Let's push the envelope with some more advanced usage for Evals. Create an Eval dataset in the dashboard from the plan run we made in the Create a dataset section. Navigate to the "Evaluations" tab of the dashboard, create a new eval set from existing data and select the relevant plan run. Record the name you bestowed upon your Eval dataset as you will need to pass it to the evaluators in the code below, which you are now ready to run. This code:

  • Uses a custom evaluator to count ⚠️ emojis in the output. We will do this by subclassing the Evaluator class.
  • Stubs the file_reader_tool with static text. We will point our Portia client to a ToolStubRegistry to do this.
  • Run the evals for the dataset you create to compute the emoji count metric over it.

Feel free to mess around with the output from the tool stub and re-run these Evals a few times to see the progression in scoring.

from portia import Portia, Config, DefaultToolRegistry
from steelthread.steelthread import SteelThread, EvalConfig
from steelthread.evals import Evaluator, EvalMetric
from steelthread.portia.tools import ToolStubRegistry, ToolStubContext


# Define custom evaluator
class EmojiEvaluator(Evaluator):
def eval_test_case(self, test_case,plan, plan_run, metadata):
out = plan_run.outputs.final_output.get_value() or ""
count = out.count("⚠️")
return EvalMetric.from_test_case(
test_case=test_case,
name="emoji_score",
score=min(count / 2, 1.0),
description="Emoji usage",
explanation=f"Found {count} ⚠️ emojis in the output.",
actual_value=str(count),
expectation="2"
)

# Define stub behavior
def file_reader_stub_response(
ctx: ToolStubContext,
) -> str:
"""Stub response for file reader tool to return static file content."""
filename = ctx.kwargs.get("filename", "").lower()

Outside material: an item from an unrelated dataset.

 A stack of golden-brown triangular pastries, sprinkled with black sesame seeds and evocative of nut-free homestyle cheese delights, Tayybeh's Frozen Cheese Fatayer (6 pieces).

return f"Feedback from file: {filename} suggests \
⚠️ 'One does not simply Calorify' \
and ⚠️ 'Calorify is not a diet' \
and ⚠️ 'Calorify is not a weight loss program' \
and ⚠️ 'Calorify is not a fitness program' \
and ⚠️ 'Calorify is not a health program' \
and ⚠️ 'Calorify is not a nutrition program' \
and ⚠️ 'Calorify is not a meal delivery service' \
and ⚠️ 'Calorify is not a meal kit service' "

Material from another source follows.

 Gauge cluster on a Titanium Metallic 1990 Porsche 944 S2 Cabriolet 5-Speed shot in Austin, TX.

config = Config.from_default()

# Add the tool stub definition to your Portia client using a ToolStubRegistry
portia = Portia(
config,
tools=ToolStubRegistry(
DefaultToolRegistry(config),
stubs={
"file_reader_tool": file_reader_stub_response,
},
),
)

# Run evals with stubs
SteelThread().run_evals(
portia,
EvalConfig(
eval_dataset_name="your-dataset-name-here", #TODO: replace with your dataset name
config=config,
iterations=5,
evaluators=[EmojiEvaluator(config)]
),
)